* Action item
All of the listing must be given again exactly, except that the images are dropped.

* Records to use
____

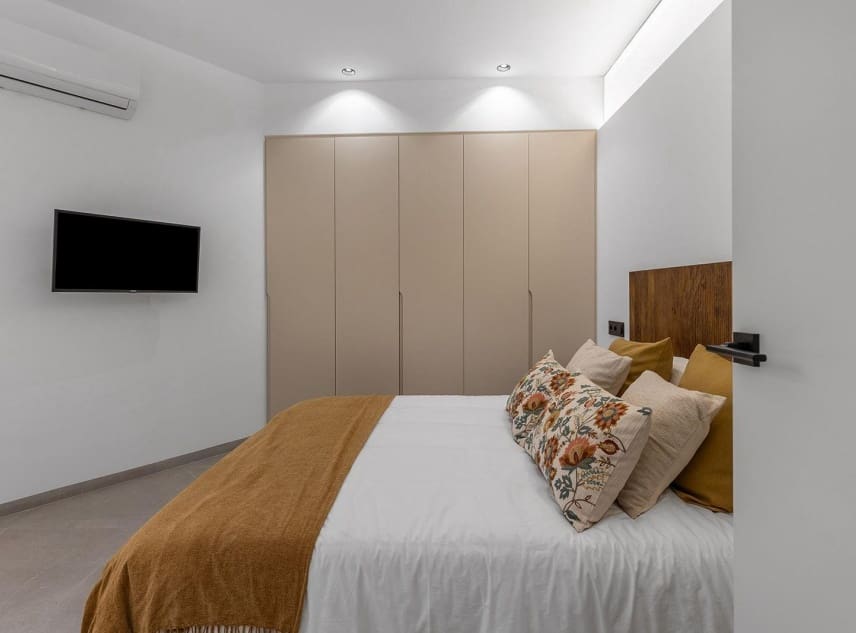 1 bedroom Apartment for sale in Torrevieja - € 168,000 (Ref: 9618543)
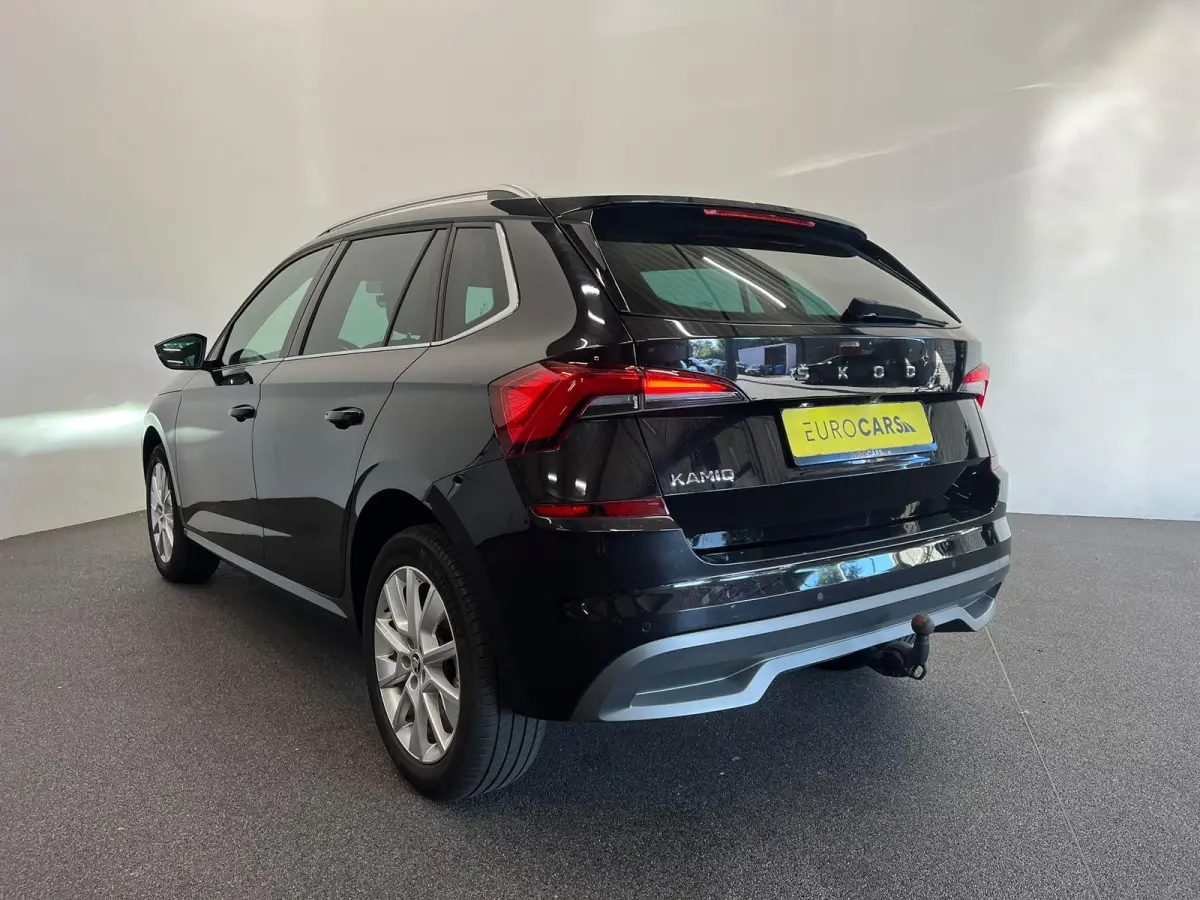 1.0 TSI DSG Clever Panoramadak Trekhaak Navigatie Apple Carplay Android Auto Camera Parkeerhulp Cruise Control Stoelverwarming Climate Control Lichtmetalen velgen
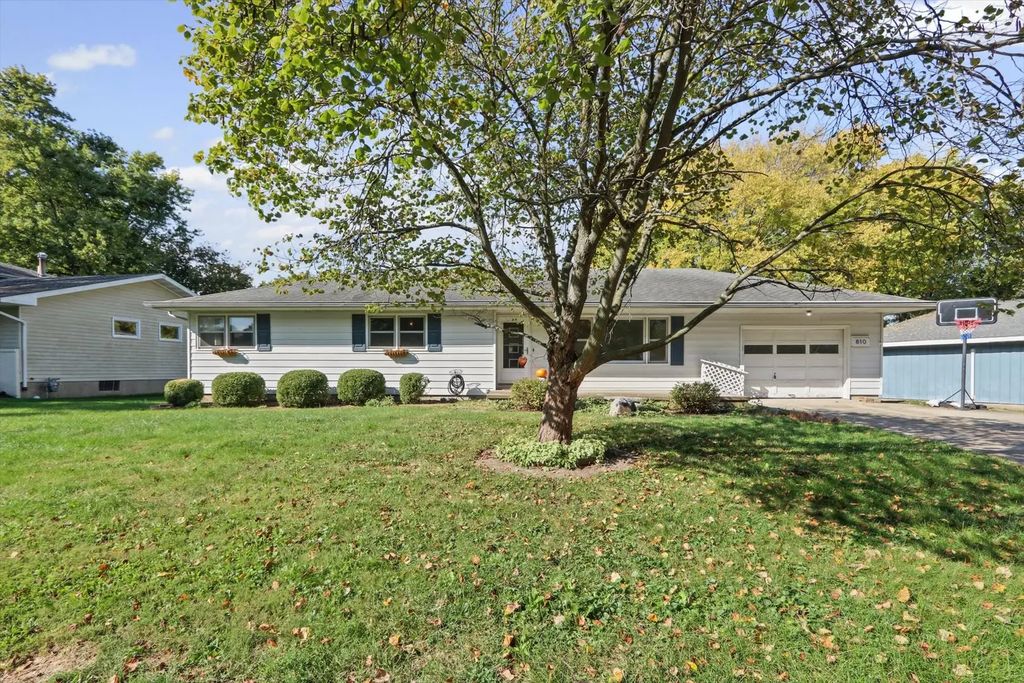 810 Longview Road, Monticello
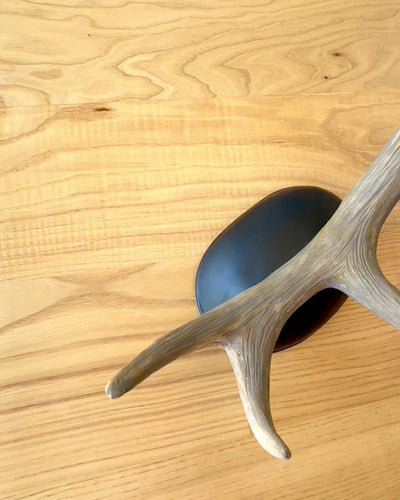 Suport de Vin "Cerb" cu Coarne cu Opțiune de Gravare pentru cadou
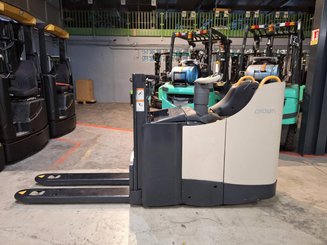 Hochhubwagen Fahrerstand Crown DT3040 - 5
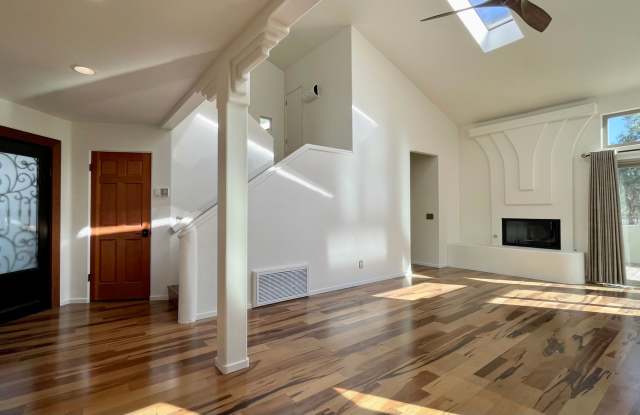 Modern, Updated 3-Bedroom Home in Stoneridge with Air Conditioning Gallery 3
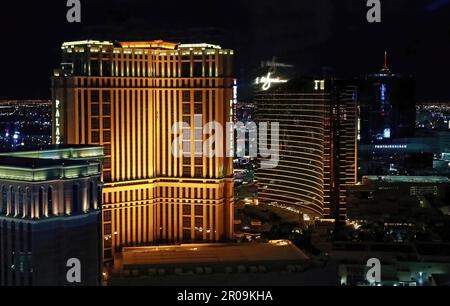 Veduta aerea notturna delle luci del Palazzo al Venetian Resort e al Wynn Las Vegas; resort e casinò su S. Las Vegas Blvd. A Las Vegas. Foto Stock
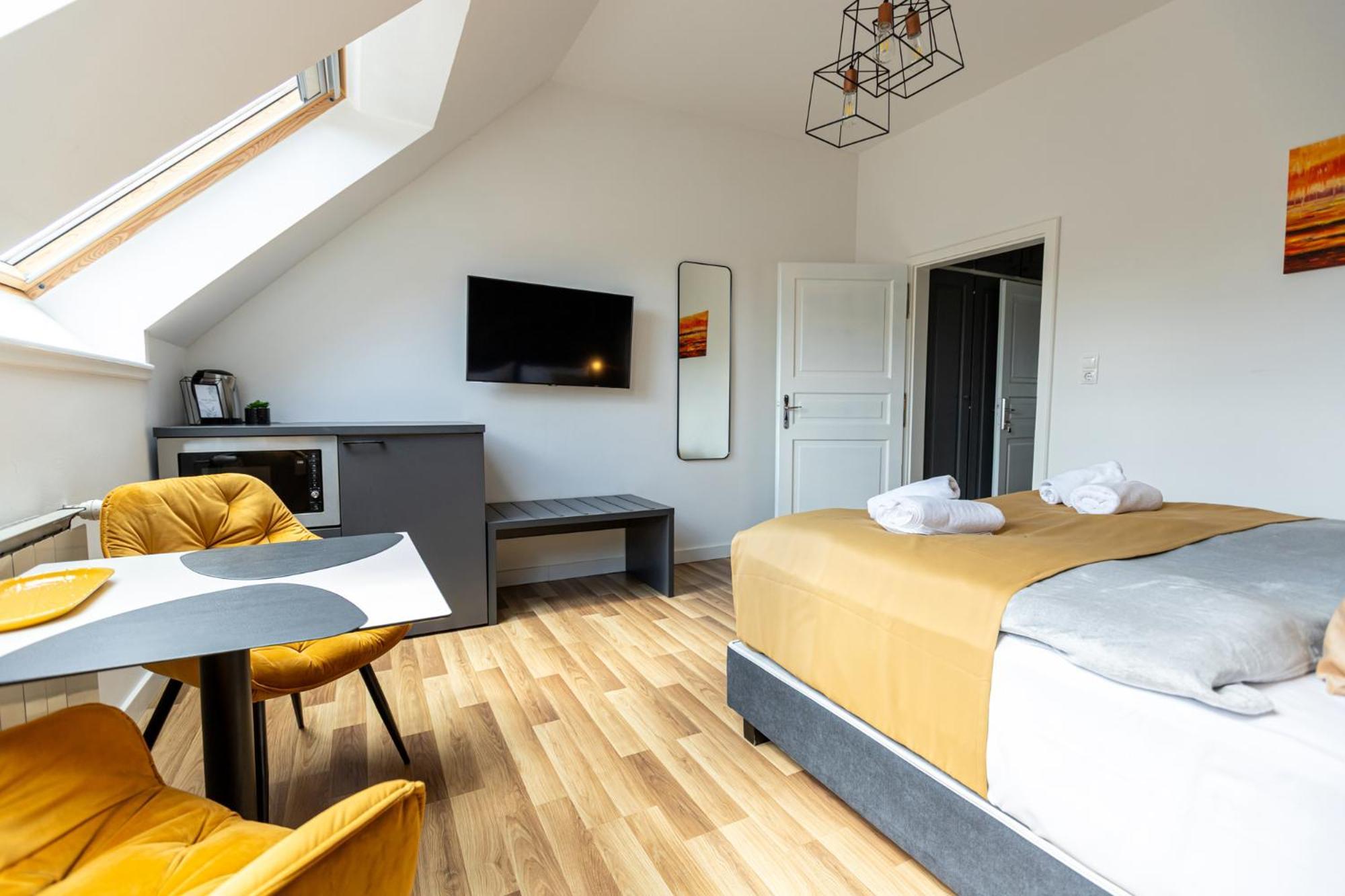 Hotel Clariss Balatonalmádi Buitenkant foto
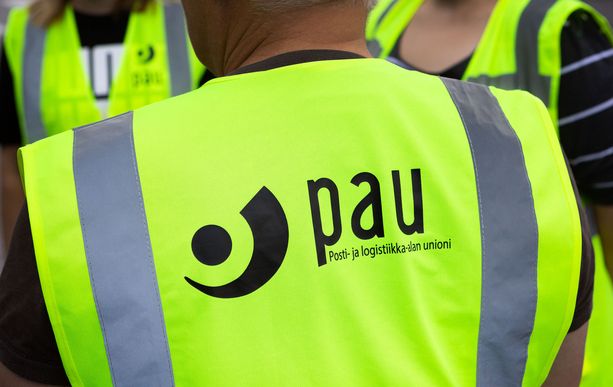 Posti- ja logistiikka-alan unionin PAU:n mukaan Posti on vaatinut palkanalennuksia jo pitkään.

____

* Solution to this task
 1 bedroom Apartment for sale in Torrevieja - € 168,000 (Ref: 9618543)
 1.0 TSI DSG Clever Panoramadak Trekhaak Navigatie Apple Carplay Android Auto Camera Parkeerhulp Cruise Control Stoelverwarming Climate Control Lichtmetalen velgen
 810 Longview Road, Monticello
 Suport de Vin "Cerb" cu Coarne cu Opțiune de Gravare pentru cadou
 Hochhubwagen Fahrerstand Crown DT3040 - 5
 Modern, Updated 3-Bedroom Home in Stoneridge with Air Conditioning Gallery 3
 Veduta aerea notturna delle luci del Palazzo al Venetian Resort e al Wynn Las Vegas; resort e casinò su S. Las Vegas Blvd. A Las Vegas. Foto Stock
 Hotel Clariss Balatonalmádi Buitenkant foto
 Posti- ja logistiikka-alan unionin PAU:n mukaan Posti on vaatinut palkanalennuksia jo pitkään.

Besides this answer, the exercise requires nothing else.